Take FIL Investments (Japan). The Fidelity International group company has reported a 5.37% stake in matchmaking service provider Partner Agent, which has a market capitalization of just 3.8 billion yen ($35 million)
Schroder Investment Management (Japan), part of London-based Schroders, raised its stake in logistics outsourcing company Hamakyorex to 5.3%.
Hedge funds and other institutional investors that had mostly targeted blue chips are starting to look at small- and mid-caps, said a trader at a Japanese brokerage. Securities filings this month show a noticeable bump in overseas asset managers building up positions in stocks with a market capitalization of less than 300 billion yen.
Other disclosures include a 8% stake in game developer gumi by U.K.-based Baillie Gifford, and a 5.3% interest in office automation provider RPA Holdings by Capital Research and Management.
"With large-caps seeing limited upside due to their vulnerability to overseas macroeconomic factors, more investors are leaning toward small- and mid-caps because it's easier to make trading decisions on company-specific factors," said Makoto Yamada at SMBC Nikko Securities.
Workman popped on the radar for many investors after Comgest Asset Management Japan, part of French group Comgest, bought its shares for the first time this summer and slowly increased its stake. The clothing store chain has grown its operating profit sixfold over the past decade by making forays beyond its blue-collar customer base.
Overseas investors like that some small- and mid-cap stocks still have room for improvement in governance. A U.K. asset manager increased its position in real estate developer Leopalace21 in February following revelations of building code violations. The stock has surged nearly 60% since May, when the company announced new leadership.
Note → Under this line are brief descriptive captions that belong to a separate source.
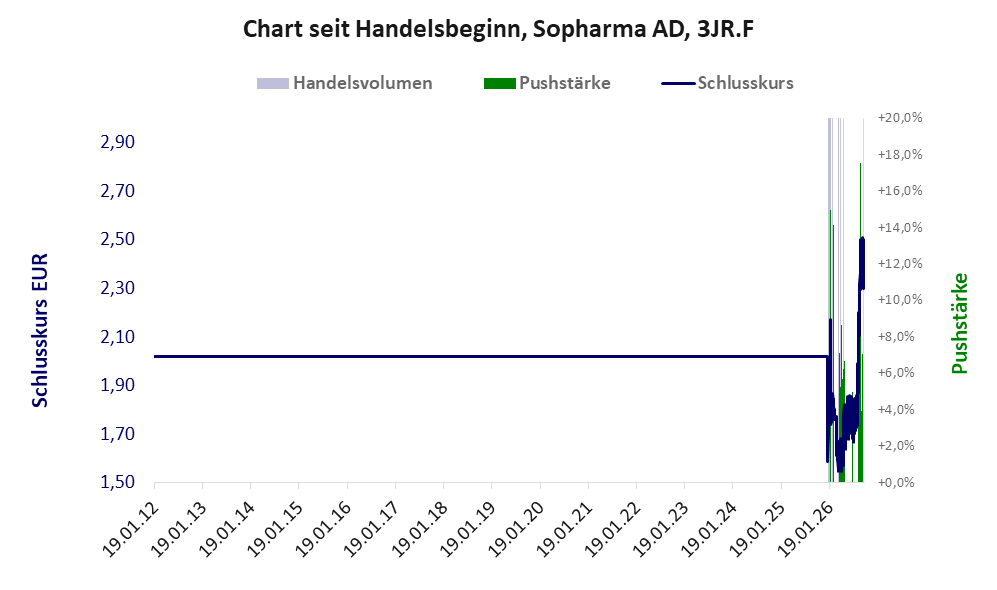 Entwicklung der Aktie seit Handelsbeginn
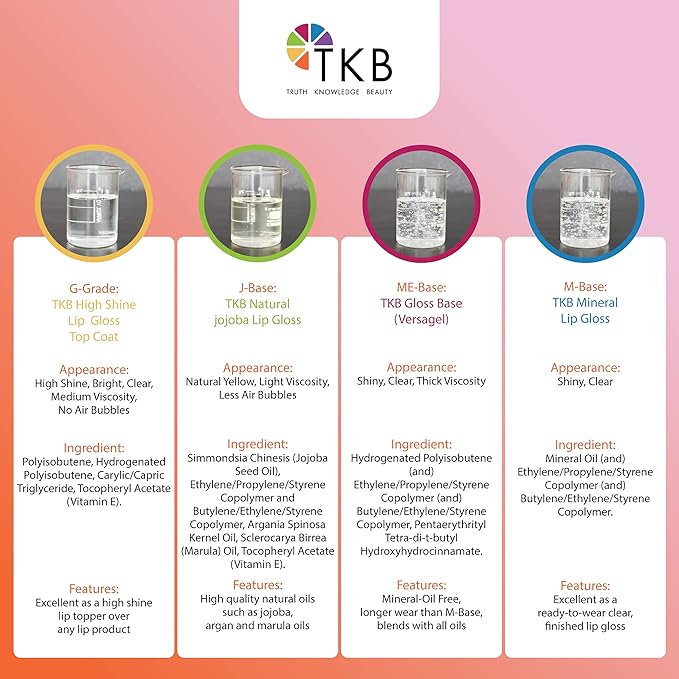 TKB High Shine Lip Gloss Top Coat (G-Grade)| Lip Oil, High Shine, Ready To Wear Clear Lip Gloss, DIY Lip Gloss, Mineral Oil Free 15oz (425g)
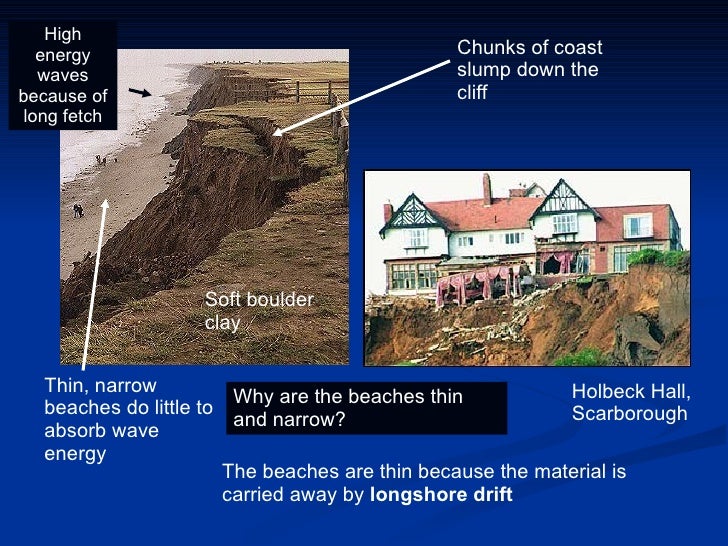 Coastal Management Holderness Ap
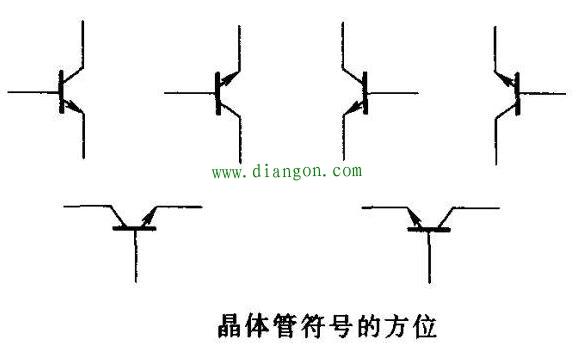 电路图中图形符号的位置与状态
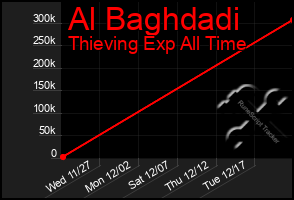 Total Graph of Al Baghdadi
Robust profits are another charm. Daiwa Securities' revision index -- a gauge of changes in analysts' earnings estimates -- for small- and mid-cap stocks turned positive on Oct. 24 for the first time in 13 months. The index for the components of the Tokyo Stock Exchange's large-cap-heavy Topix 500 remains deep in negative territory.
Daiwa analyst Masahiro Suzuki remains optimistic about earnings of small- and mid-cap companies. Many of these companies "depend on domestic demand, and they have overcome the big test of the sales tax hike" on Oct. 1, he said.
Smaller-cap shares have lagged bigger names this year. While the Nikkei Stock Average has advanced 14% since the start of the year, the Nikkei Jasdaq Average and the Tokyo Stock Exchange's Mothers index have risen less than 10% each.
"Japan has many diamonds in the rough among small- and mid-cap stocks," said an analyst at an international brokerage. "Having experienced some volatility, these stocks finally have an environment that is conducive to buying."